Young CDCs rejuvenate old animals as gauged by cardiac gene expression, heart function, exercise capacity, and systemic biomarkers.

Keywords: Aging, Diastolic dysfunction, Rejuvenation, Cell therapy, Cardiosphere-derived cells


Translational perspective

In senescent rats, we tested the idea that treatment with cardiosphere-derived cells (CDCs) from young donors might antagonize diastolic dysfunction and other consequences of aging. Allogeneic CDCs improved diastolic function and induced systemic functional improvements (notably, increased exercise tolerance) in old animals. Rejuvenating effects were likewise evident in human heart cells from older donors, co-cultured with young CDCs. Given that allogeneic CDCs are already in advanced clinical testing and have proven safe to date, progress to clinical testing is highly feasible.

Introduction

Cardiovascular disease increases markedly in prevalence with aging, creating a huge economic burden.1 Cell senescence underlies the aging process,2 and is characterized by progressive shortening of telomeres.3 Critical shortening of these protective ‘caps’ on the ends of linear chromosomes is associated with heart dysfunction and hypertrophy,4 impaired cardiomyocyte proliferation, and reduced regenerative capacity.5 The aged heart exhibits abnormal relaxation and/or increased stiffness,6,7 along with interstitial fibrosis and cardiomyocyte hypertrophy, increasing the risk of heart failure with preserved ejection fraction (HFpEF).8 Among rejuvenating strategies tested to date, parabiosis9 and cellular reprogramming10 seem promising, but none has addressed age-related heart dysfunction.

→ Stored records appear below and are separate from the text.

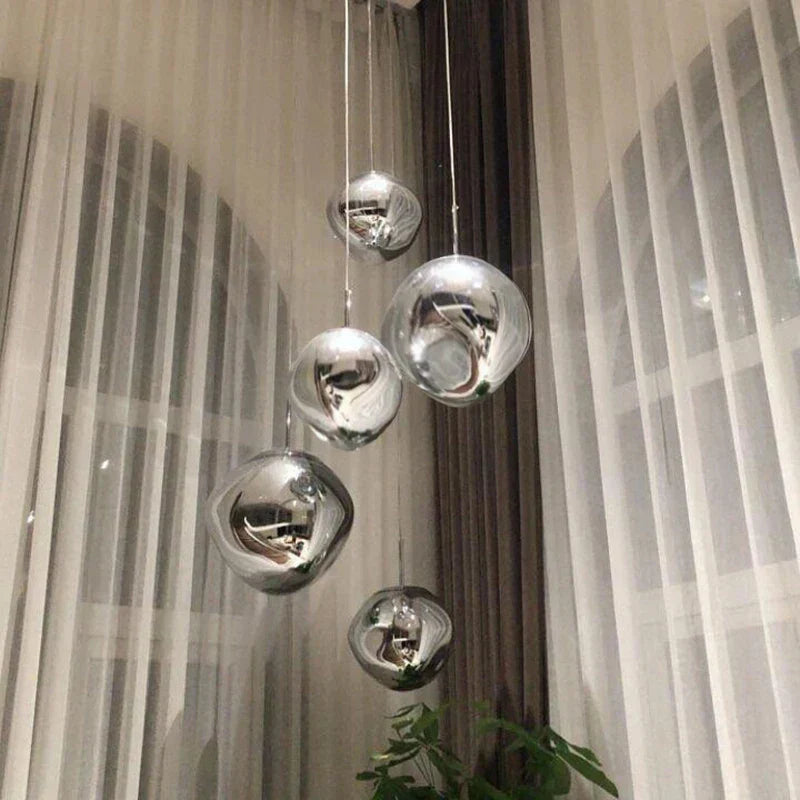 DecorBites™ LED Pendant Light for Home Decoration, Bedroom, Living Room, Kitchen - Indoor Hanging Lamp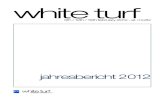 White Turf Jahresbericht 2012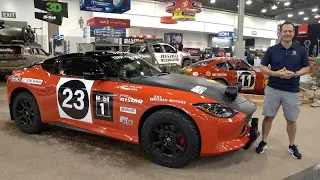 Is the 2024 Nissan Z Safari Edition a lifted sports car to BUY?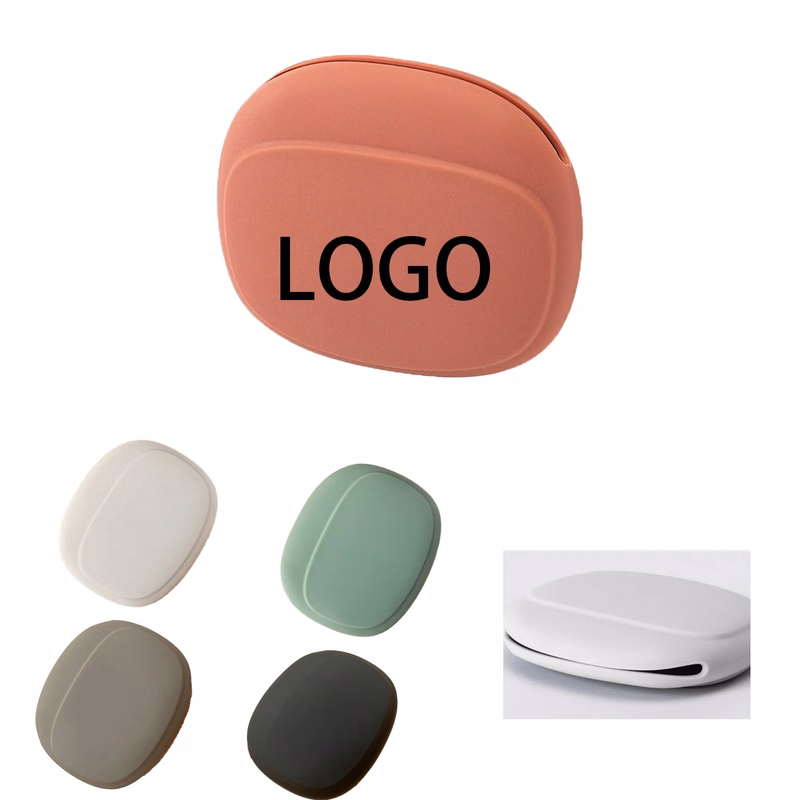 Silicone Portable Earphone Storage Case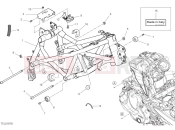 DUCATI 2025 Desert X Frame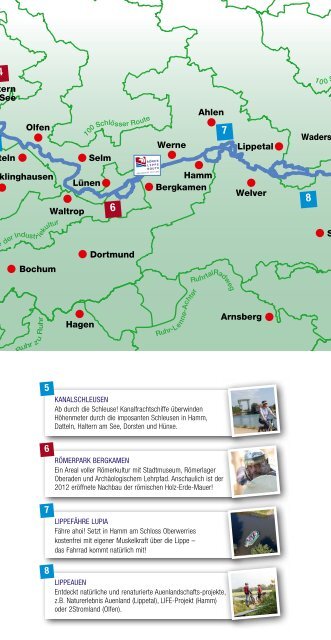 Handbuch zur Römer-Lippe-Route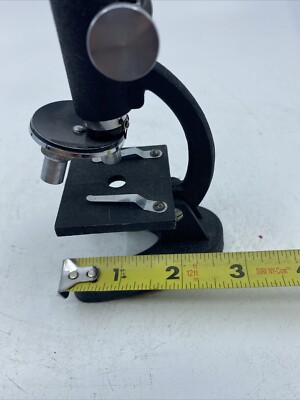 Small Microscope Vintage 100X, 200X 300X Untested Made In Japan | eBay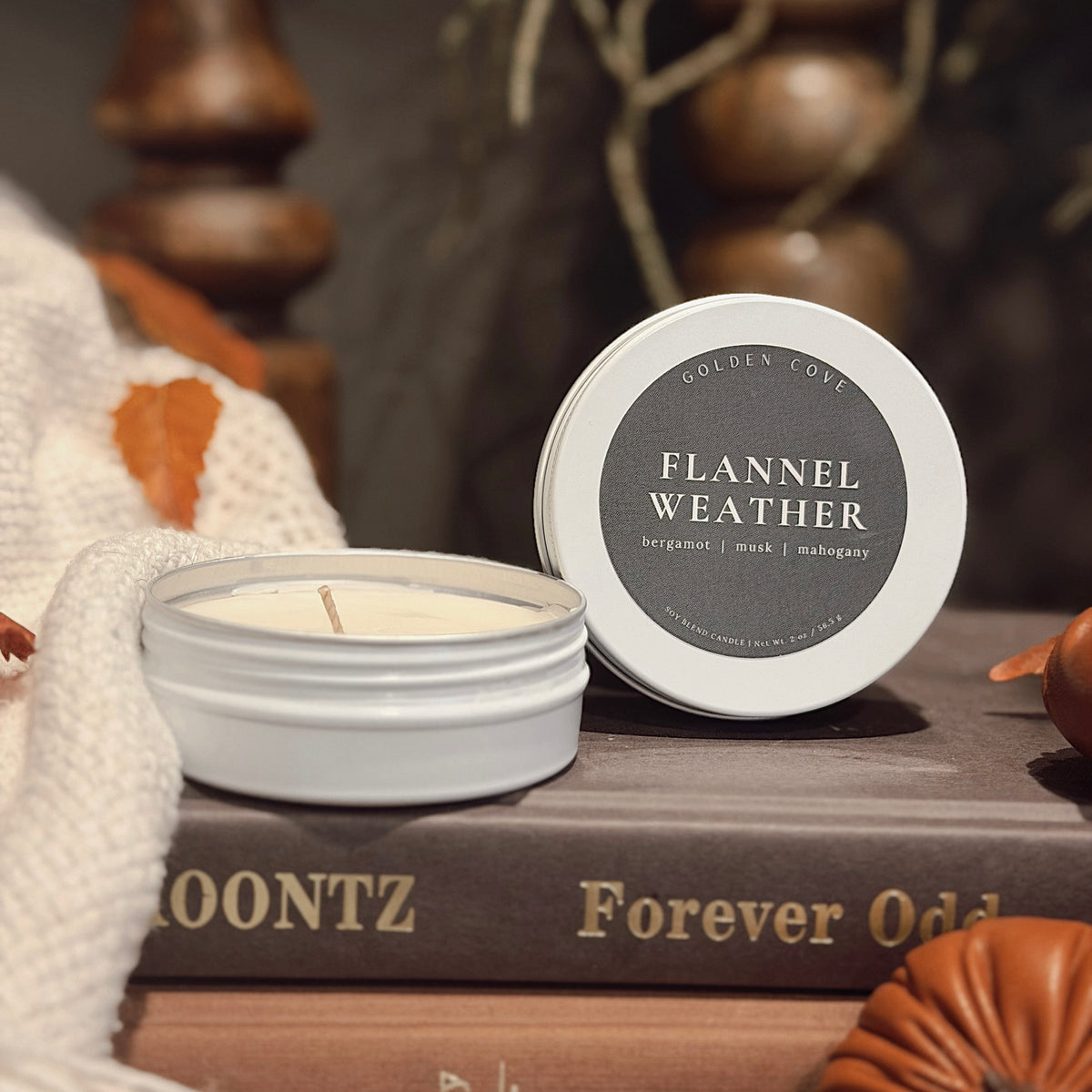 Flannel Weather | 2 oz Candle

Cardiosphere-derived cells (CDCs) are cardiac progenitor cells which can differentiate into the three major cell types present in the heart, that is, cardiomyocytes, endothelial cells, and smooth muscle cells.11 Despite their progenitor status, CDCs work primarily indirectly12 (see Supplementary material online, Reference 1). They have been demonstrated to normalize left ventricular relaxation and diastolic pressure while improving survival in young Dahl salt-sensitive rats with hypertensive HFpEF.13 In this and other preclinical studies, CDCs mitigated inflammation, fibrosis and oxidative stress in diseased heart tissue.14,15 CDCs are also being tested clinically; data available to date indicate that they are safe, and may lead to improvements in post-ischaemic cardiac structure and function indicative of therapeutic regeneration.16 Based on this, we hypothesized that aged hearts characterized by fibrosis, myocardial hypertrophy, diastolic dysfunction, and chronic inflammation would benefit from therapy with CDCs. To test our hypothesis, we evaluated the effects of CDCs on age-related heart dysfunction and examined the broader rejuvenating potential of CDCs in a well-established rat model of senescence.

Methods

Animals and in vivo study protocol

Old Fisher 344 rats (21.8 ± 1.6 month old) were obtained from the National Institute of Aging. Younger Fishe 344 rats (4.1 ± 1.5 month old) were purchased from Envigo, Indianapolis, IN, USA. All F344 lines available in the USA are from the same origin (Columbia University), so share the same genetic background. All animals were studied in accordance with the local guidelines of the Animal Care and Use Committee as published by the National Institute of Health (NIH Publication No. 86-23, revised 1996).

Younger animals were used for the characterization of structural and functional changes related to aging. After initial phenotyping with echocardiography and exercise testing, old animals were divided into two groups that were matched prospectively for comparable baseline properties: Twelve rats were treated with CDCs, and 11 rats received phosphate-buffered saline (PBS, i.e. vehicle control). Prior to administration of CDCs or PBS, rats underwent invasive haemodynamic evaluation of left ventricular (LV) pressure and volume and aortic pressure. Old animals were evaluated at baseline and 1 month later by echocardiography, invasive haemodynamics, and exercise treadmill testing for structural and functional changes. Blood samples were collected at the same time points. After 1 month, animals were euthanized and hearts were harvested for further testing.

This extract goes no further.